Without a second thought, I replied:
“Looks like fun!”
14
Ximen Ox Angrily Confronts Wu Qiuxiang
Hong Taiyue Happily Praises Lan Jinlong
During the months of April and May 1965, while my father was making an appeal in the provincial capital, Jinlong and Baofeng joined the People’s Commune with my mother. On that day, a solemn ceremony was held in the Ximen estate compound. Hong Taiyue spoke from the steps of the main house. The chests of my mother, Jinlong, and Baofeng were decorated with large red paper flowers; a red cloth was tied to our iron plow. My brother, Jinlong, delivered an impassioned speech expressing his determination to hew to the path of socialism. He was normally not much of a talker, so everyone was taken by surprise. To be honest, it turned me off. I hid out in the ox shed, with my arms around your neck out of a fear that they’d come and take you away with them. Before setting out, Father had said to me: Son, be sure to take good care of our ox. We needn’t worry as long as we have him, because then we’ll be able to hold out as independent farmers. I gave him my word, you heard me. Remember? I said, Dad, go now and come back as soon as you can. If I’m here, the ox will be here. He rubbed the horns that had just started growing on your head and said: Ox, you do as he says. We won’t be able to harvest the wheat for another six weeks, so there won’t be enough for you to eat. Let him take you out where there’s wild grass, which will tide you over till we bring in the wheat. I saw tears in Mother’s eyes as she glanced our way from time to time. This wasn’t the path she’d wanted to take, but she had no choice. As for Jinlong, though he was only seventeen, he already had definite views of things, and the force of his words seemed to frighten Mother, at least a little. I could tell that her feelings for Father weren’t as strong as those she’d held for Ximen Nao. She married him because she had to. And her feelings for me weren’t as strong as those she held for Jinlong and Baofeng. Two different men’s seed. But I was still her son, and she worried about me, even if she didn’t want to. Mo Yan led a bunch of schoolboys in shouting slogans outside the ox shed:
A headstrong man, a headstrong boy, choosing to farm apart. Pulling an ox the size of an insect, pushing a wood-wheeled cart. Sooner or later you’ll have to join, and sooner is better than later to start . . .

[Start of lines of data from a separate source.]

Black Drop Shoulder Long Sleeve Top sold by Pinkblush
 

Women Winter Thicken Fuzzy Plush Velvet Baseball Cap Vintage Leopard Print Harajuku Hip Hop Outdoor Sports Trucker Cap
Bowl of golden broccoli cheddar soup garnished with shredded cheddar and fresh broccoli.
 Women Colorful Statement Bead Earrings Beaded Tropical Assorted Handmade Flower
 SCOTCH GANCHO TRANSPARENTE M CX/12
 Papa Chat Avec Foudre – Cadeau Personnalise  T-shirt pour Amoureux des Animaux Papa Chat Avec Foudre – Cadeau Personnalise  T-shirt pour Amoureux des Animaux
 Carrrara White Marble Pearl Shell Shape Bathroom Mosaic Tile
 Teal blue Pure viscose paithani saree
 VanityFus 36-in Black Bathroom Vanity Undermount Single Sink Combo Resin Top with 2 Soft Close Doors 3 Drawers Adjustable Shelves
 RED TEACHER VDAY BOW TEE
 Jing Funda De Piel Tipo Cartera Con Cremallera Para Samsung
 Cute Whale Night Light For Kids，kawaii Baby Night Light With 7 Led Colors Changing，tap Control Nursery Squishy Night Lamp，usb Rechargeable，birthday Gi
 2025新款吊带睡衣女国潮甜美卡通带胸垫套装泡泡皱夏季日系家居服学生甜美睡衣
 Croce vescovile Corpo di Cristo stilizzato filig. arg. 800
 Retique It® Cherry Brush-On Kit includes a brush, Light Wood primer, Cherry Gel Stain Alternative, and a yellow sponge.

Faced with that sort of harassment, my courage began to falter, but not my excitement. The scene before me was like a play in which I was cast as the number-two character. Yes, a negative character, but more important than the positive characters out there. I felt it was time to make an appearance. I needed to go onstage, for the sake of my father’s character and self-respect, but also to bear witness to my courage and, of course, for the sake of your ox-glory. So I led you out of the shed in plain view of everyone. I thought you might have stage fright, but you surprised me by your total absence of fear. Your halter was actually nothing more than a thin rope tied loosely around your neck. One tug, and you could have snapped it. If you hadn’t wanted to follow me, I couldn’t have done a thing about it. But you did, willingly, even happily All eyes were on us, so I raised my head and stuck out my chest to make myself look like someone they’d have to deal with. I couldn’t see what I looked like, but their laughter told me what a comical figure I must have cut, a little clown. Then you picked the wrong time to act up and bellow, the antic and the soft sound proving you were still a youngster. Then you got it into your head to charge the village leaders lined up in the doorway of the main house.
Who was there? Well, Hong Taiyue was there; so were Huang Tong and Yang Qi. Wu Qiuxiang was there too. She’d replaced Yang Guixiang as head of the Women’s Association. I pulled on the rope to keep you from charging. All I’d wanted to do was take you into the yard to show you off, to let them see how handsome and spirited an independent farmer’s ox can be. I wanted them to see that before long, you’d be the best-looking ox in Ximen Village. But you chose that moment to show how perverse you can be and, with hardly any effort, dragged me behind you like a monkey on a string. When you pulled a little harder, the rope parted. Standing there holding half a length of rope in my hand, I watched as you headed straight for the leading figures. I thought Hong Taiyue would be your primary target, either him or Huang Tong, so I was surprised to see you heading straight for Wu Qiuxiang. At the time that made no sense to me, but I understand now. She was wearing a purple jacket and blue pants; her hair was oiled, with a plastic hair clasp, a sort of come-hither butterfly effect. The crowd looked on slack-jawed as this startling scenario began to play out, and by the time anyone reacted, you’d already butted Wu Qiuxiang to the ground; not content with that, you kept butting her, wrenching shrieks of horror from her as she rolled on the ground. She clambered to her feet to get away, but you made sure that didn’t happen by ramming your head into her large hip as she waddled along, tilting from side to side; with a loud croak, she tumbled forward and landed at the feet of Huang Tong, who turned and ran, with you in hot pursuit. Jinlong sprang into action. He jumped onto your back — that’s how long his legs were — wrapped his arms around your neck, and held on for all he was worth. You kicked, you reared, you twisted, but you couldn’t throw him off. So then you ran madly around the yard, sending people fleeing for their lives, their panicky screams hanging in the air. Jinlong grabbed your ears and pinched your nose till he brought you under control. Then people rushed up and pinned you to the ground.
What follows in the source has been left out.